WHAT THE EXERCISE ASKS :: Word for word, repeat the lines of the records from the first line up to and including the line that contains "Lovely home in Krsan with WiFi", passing over any pictures.

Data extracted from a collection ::

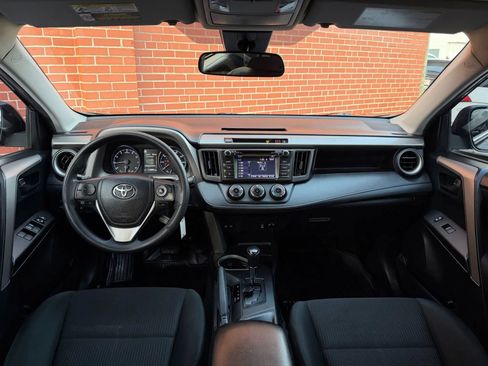 Used 2018 Toyota RAV4 LE image 9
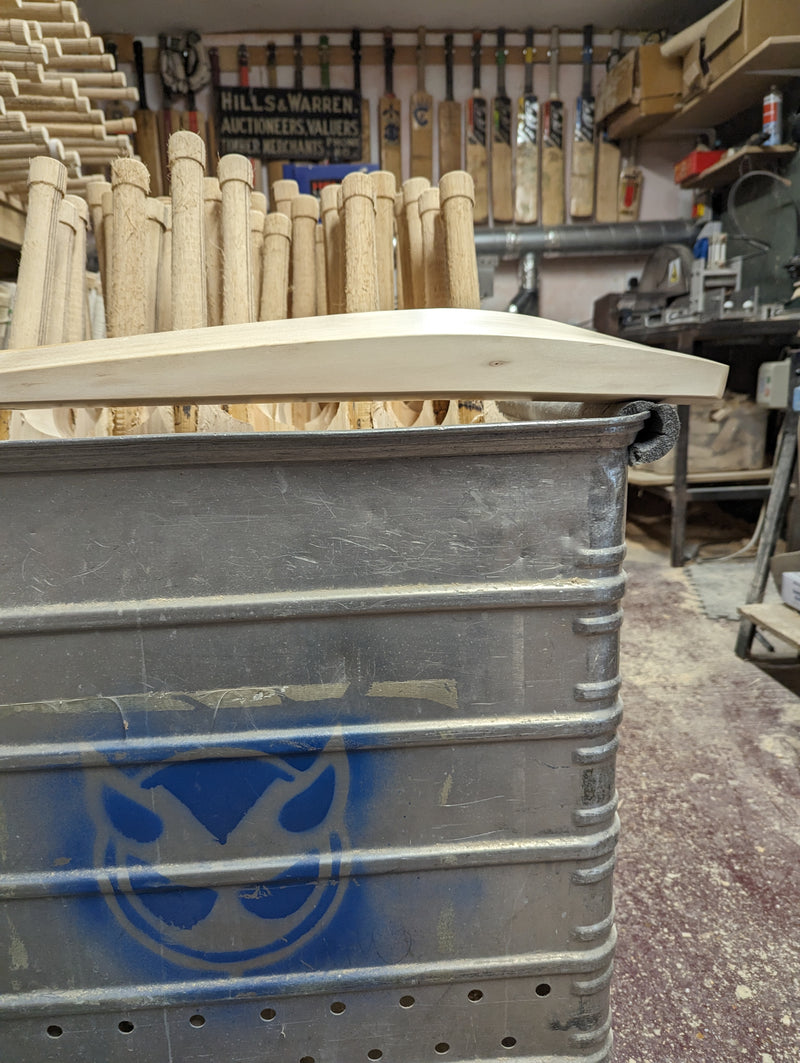 Custom bats - player profile 1" shorter blade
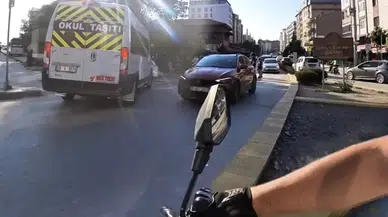Eskişehir'de servis sürücüsü aracı motosikletin üzerine kırıp ters yöne girdi
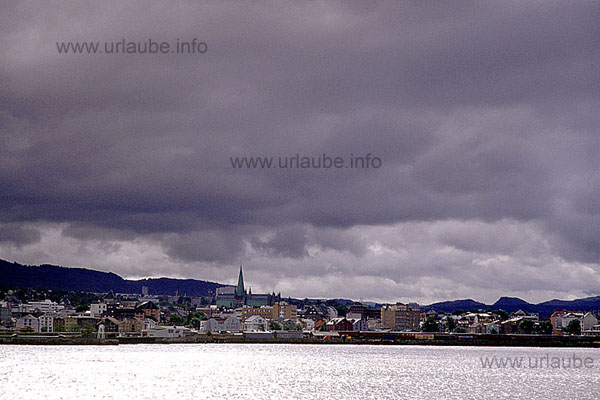 Punctually as usual at 12 o' clock, the Hurtigrute to northern direction leaves the harbour of Trondheim.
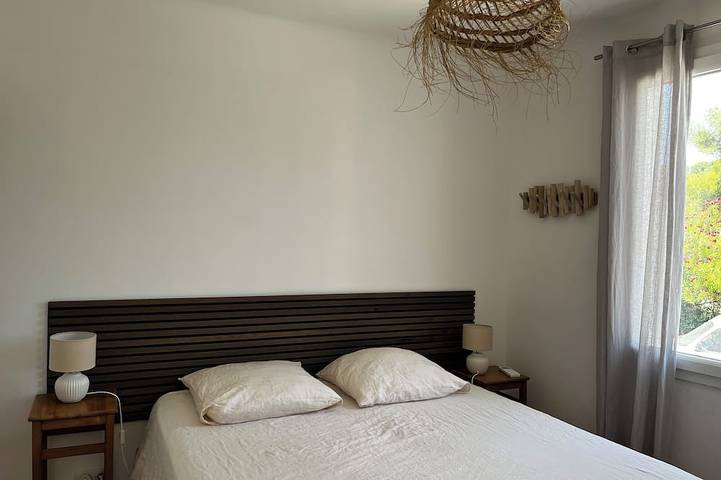 Location de vacances pour 4 personnes, avec jacuzzi dans Plage de l'Almanarre - 4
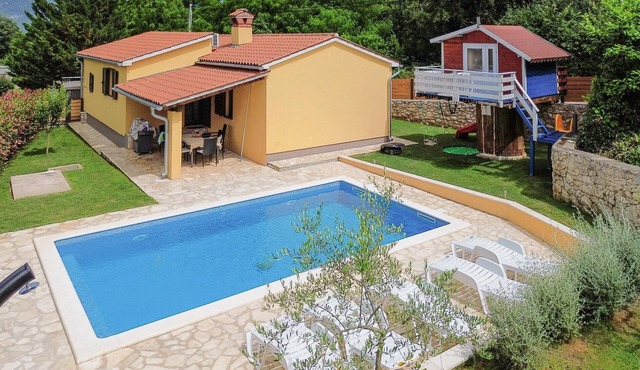 Lovely home in Krsan with WiFi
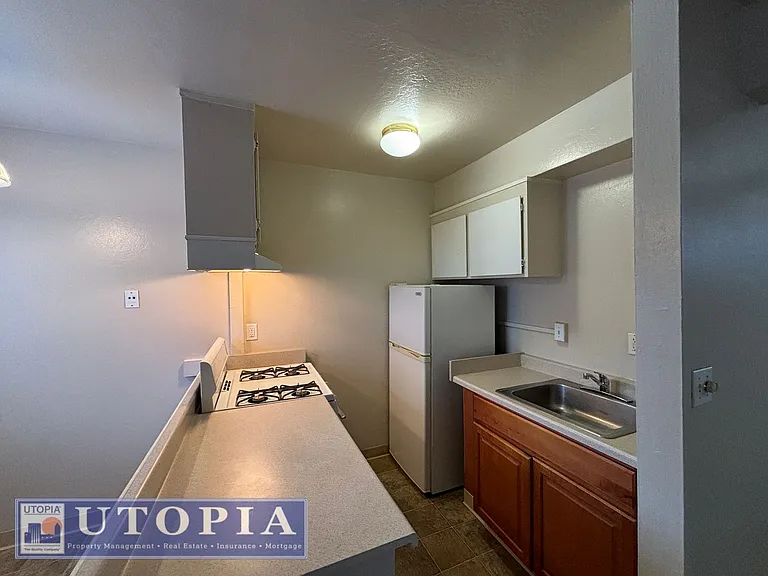 110 Kaye St #11 — Photo 1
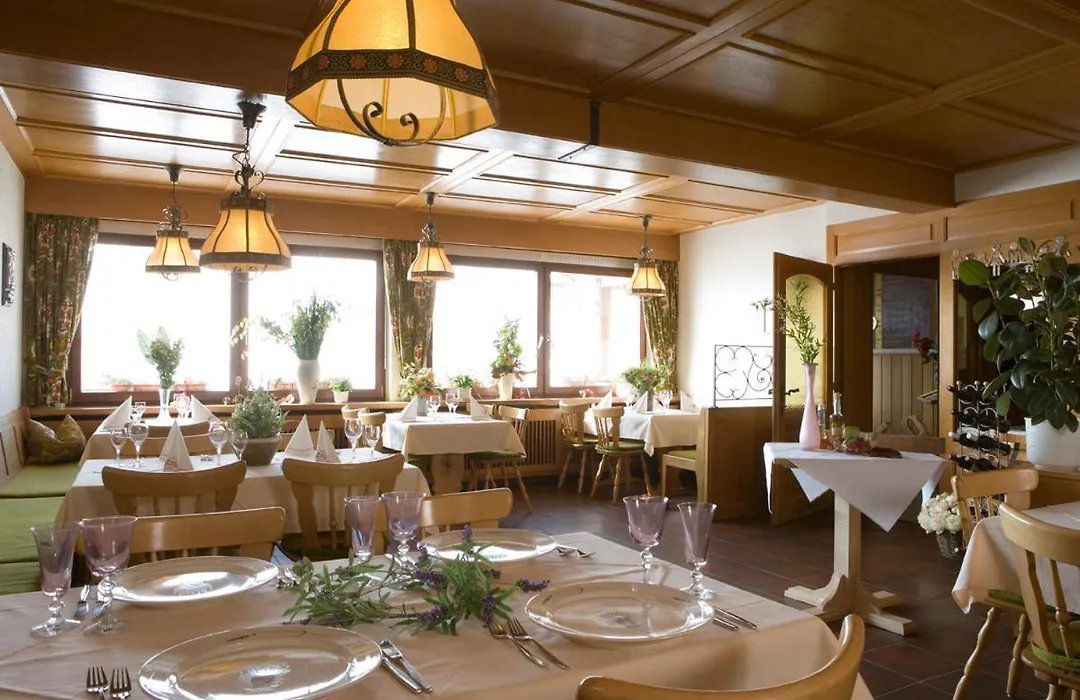 Landgasthaus Engel - Naturparkwirt-1
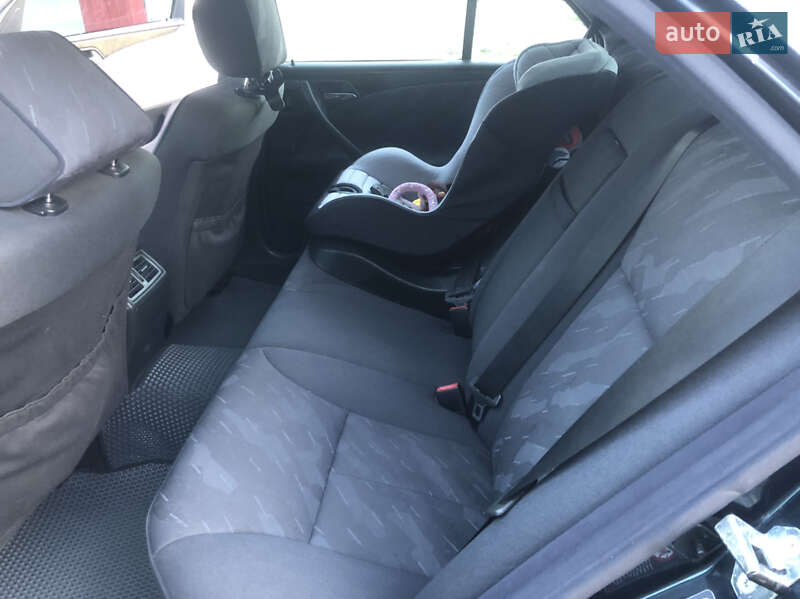 Седан Mercedes-Benz E-Class 2001 в Самборе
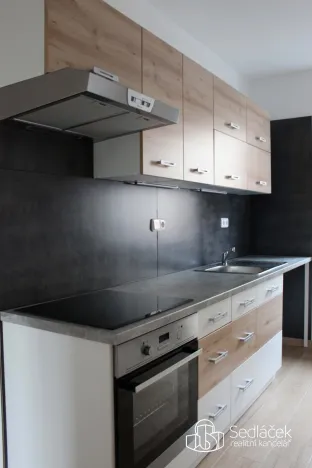 Pronájem bytu 2+1, Sokolov, U Divadla, 58 m2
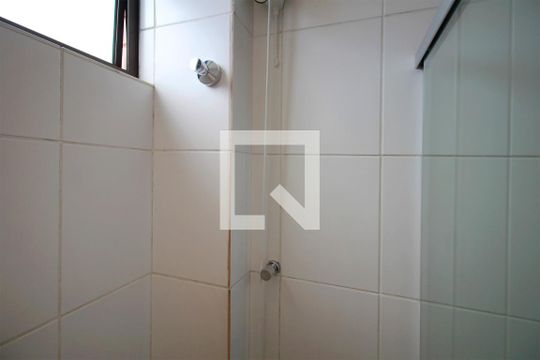 Banheiro 2 de apartamento à venda com 4 quartos, 180m² em Buritis, Belo Horizonte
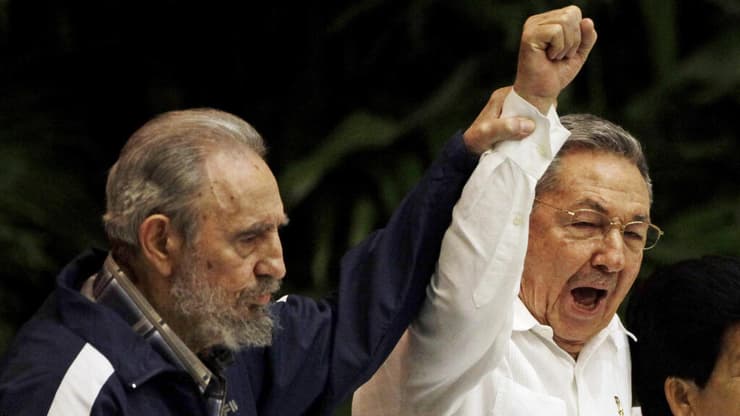 ראול ופידל קסטרו ב-2011
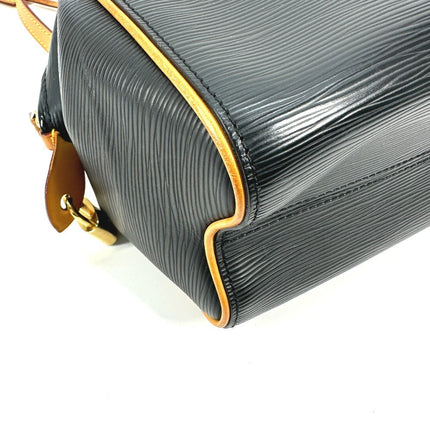 LOUIS VUITTON pre-owned bag in black Epi leather featuring gold accents and a stylish design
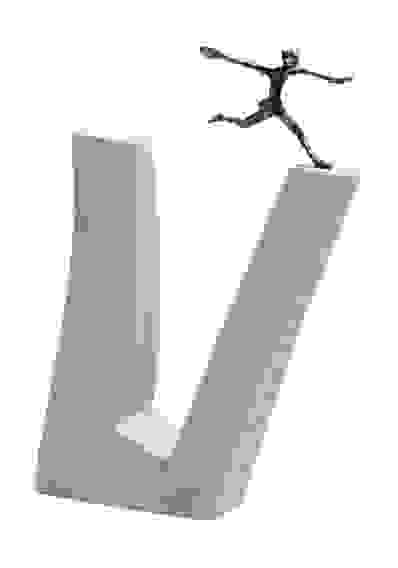 Скульптурная композиция "Преодолевая трудности"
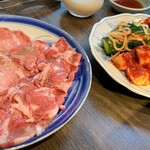 Ushi Yaki no Tomo - 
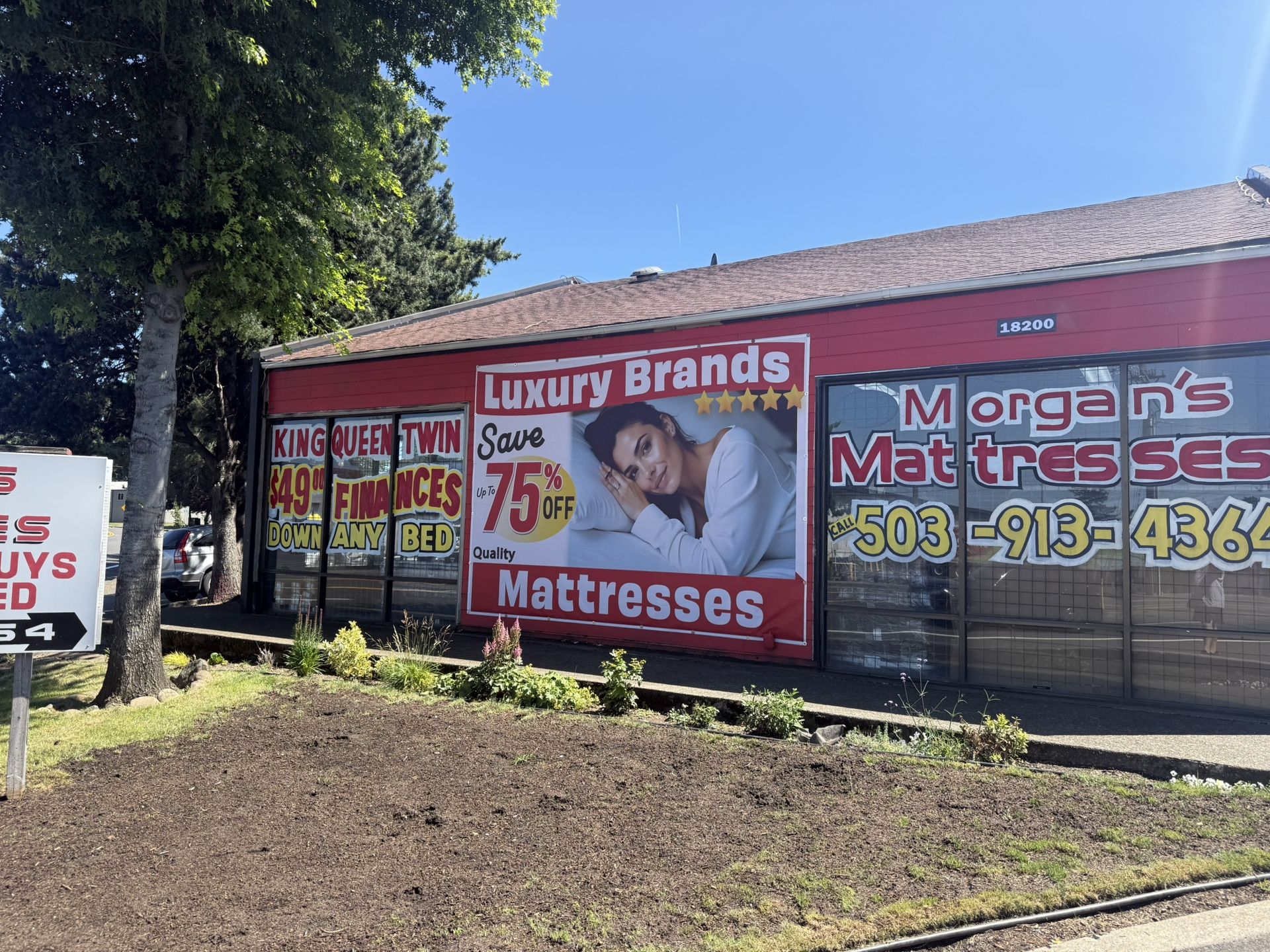 KING SIZE SIMMONS BEAUTYREST RECHARGE PILLOW TOP MATTRESS & BOX SPRINGS BED SET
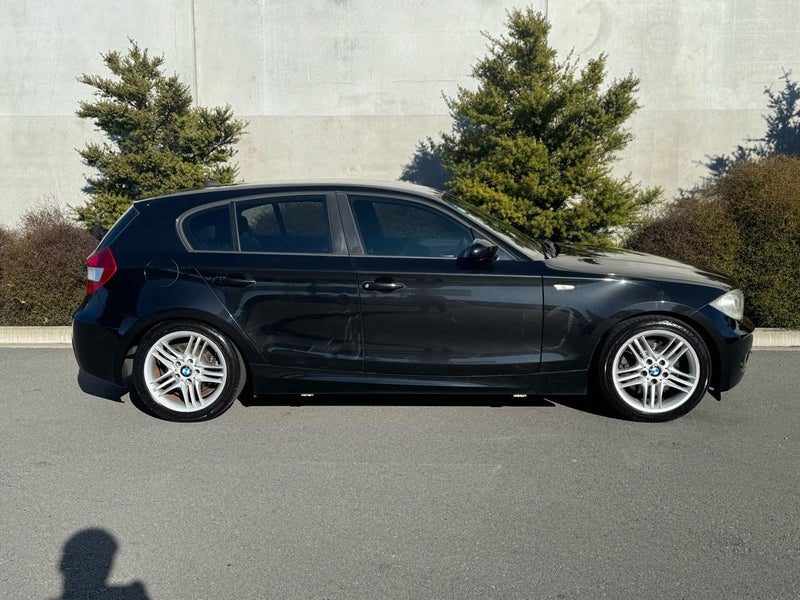 2005 BMW 130i 6 Speed Manual M-Sport, photo 3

ANSWER SECTION ::
 Used 2018 Toyota RAV4 LE image 9
 Custom bats - player profile 1" shorter blade
Eskişehir'de servis sürücüsü aracı motosikletin üzerine kırıp ters yöne girdi
 Punctually as usual at 12 o' clock, the Hurtigrute to northern direction leaves the harbour of Trondheim.
 Location de vacances pour 4 personnes, avec jacuzzi dans Plage de l'Almanarre - 4
 Lovely home in Krsan with WiFi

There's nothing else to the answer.